Kürt halkı zaten savaşın içinde ve 100 yıldır elinden alınan haklarını elde etmek için mücadeleyi yükselttikçe devletin daha büyük baskısı ve kıyıcılığı ile yüz yüze geliyor. Aynı devlet Batıda işçi sınıfını, emekçileri, muhalifleri, sosyalistleri ezmek istiyor. Örgütsüz işçi ve emekçiler faşizm tehlikesiyle yüz yüzedir. Tehlikenin önünün alınması için birleşik mücadele şarttır. Bunun yöntemi anayasa tartışmaları ile başkanlık sistemine ve faşizan yükselişe meşruiyet kazandırmak değildir. Hitler faşizmine özenen, böyle bir başkanlık isteyen Erdoğan’ın yeni anayasa dayatması, bunu sadece Meclisle değil, halkla yapacağını açıklaması tam bir ikiyüzlülüktür ve faşizme kitle desteği sağlama çabasıdır. Tüm bunlar olup biterken biz HDP’nin anayasa komisyonuna üye vermesini ve bunun bir parçası olmasını doğru bulmuyoruz. 1 Kasım seçimlerinden ve savaş kabinesine bakan verilmesinden çıkarılması gereken çok ders var. 7 Haziranın ardından AKP dışındaki parlamento güçleri, 1 Kasım dayatmasına direnmiş ve oluşan kabinenin bir seçim kabinesi değil, savaş kabinesi olduğunu teşhir ederek buna karşı mücadele edebilmiş olsaydı şüphesiz bugünkü durum çok farklı olurdu.

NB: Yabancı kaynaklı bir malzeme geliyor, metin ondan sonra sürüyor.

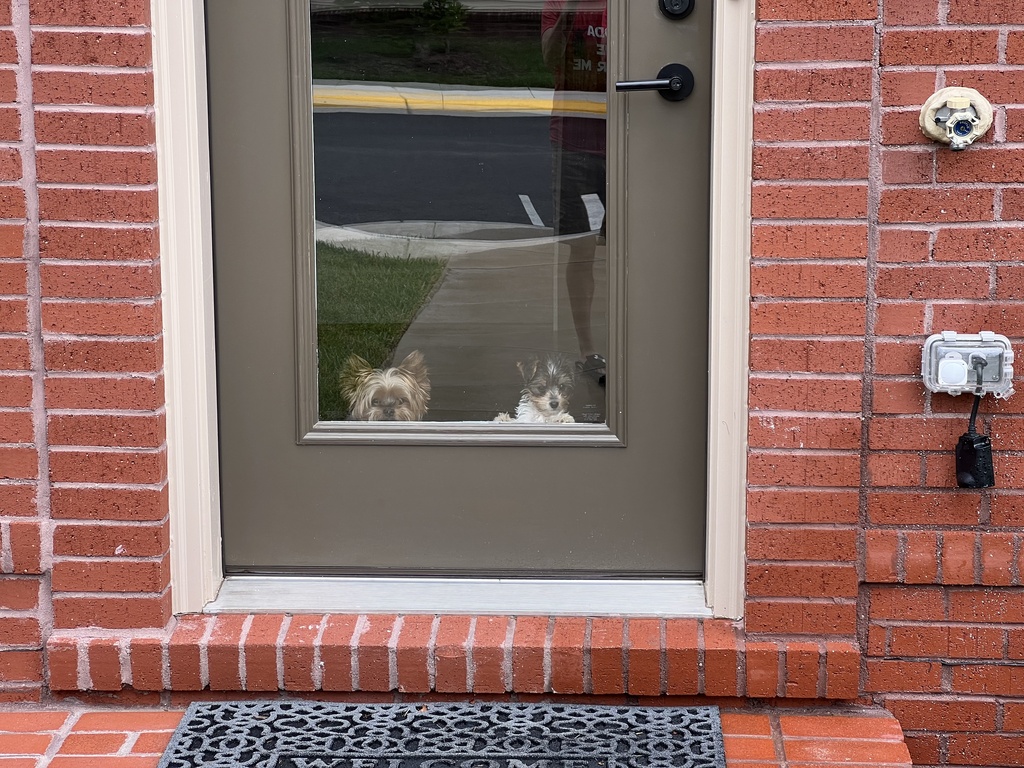 Henry & Wesley Kamichoff: images/IMG_3373_sm1.jpg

Kürt halkına yönelik kirli savaşın durdurulması, işçi sınıfının faşist tırmanışa karşı örgütlenmesi, Ortadoğu halklarının birbirine kırdırılmasının engellenmesi için birleşik mücadeleyi yükseltelim.”

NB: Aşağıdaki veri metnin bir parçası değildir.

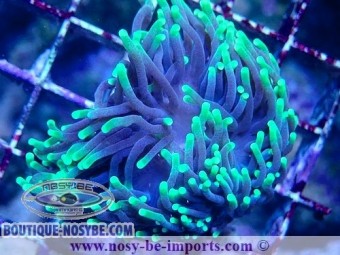 https://www.boutique-nosybe.com/7555-thickbox_default/euphyllia-glabescens-wysiwyg-14032025-9.jpg
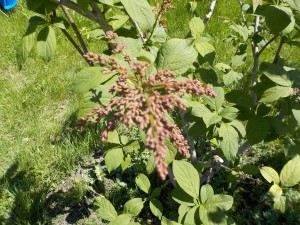 ｴｾﾙＭｳｪﾌﾞｽﾀｰ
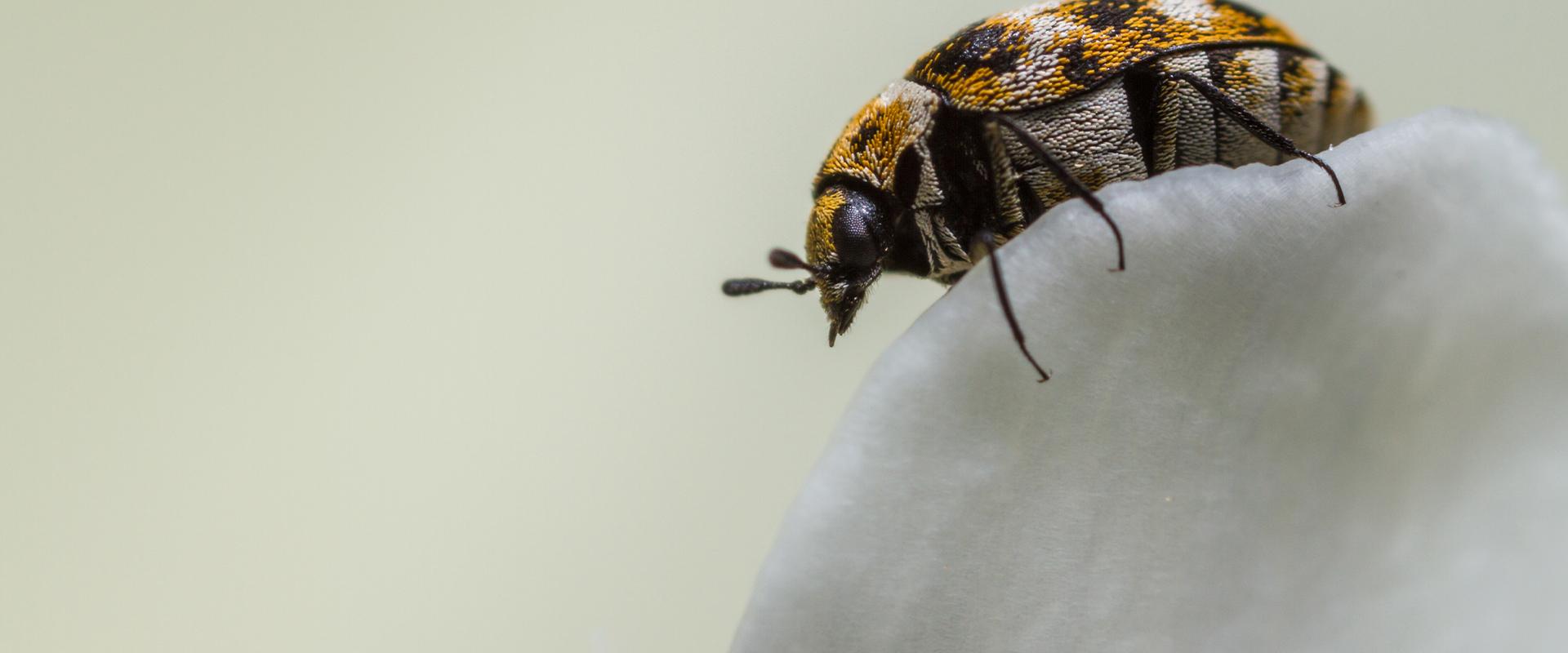 carpet beetle on petal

Konferanslarda yapılan tartışmalar üzerine hazırlanan karar tasarıları, önergeler, kongrede de oy birliği ile kabul edildi. Ardından genel meclis ve eş sözcü seçimleri yapıldı. 121 kişilik yeni genel meclis için isimlerin belirlenmesinin ardından, eş sözcülüğe Ertuğrul Kürkçü ve Gülistan Kılıç Koçyiğit seçildi.
Genel kurul “Bu Daha Başlangıç Mücadeleye Devam” sloganıyla sonlandırıldı.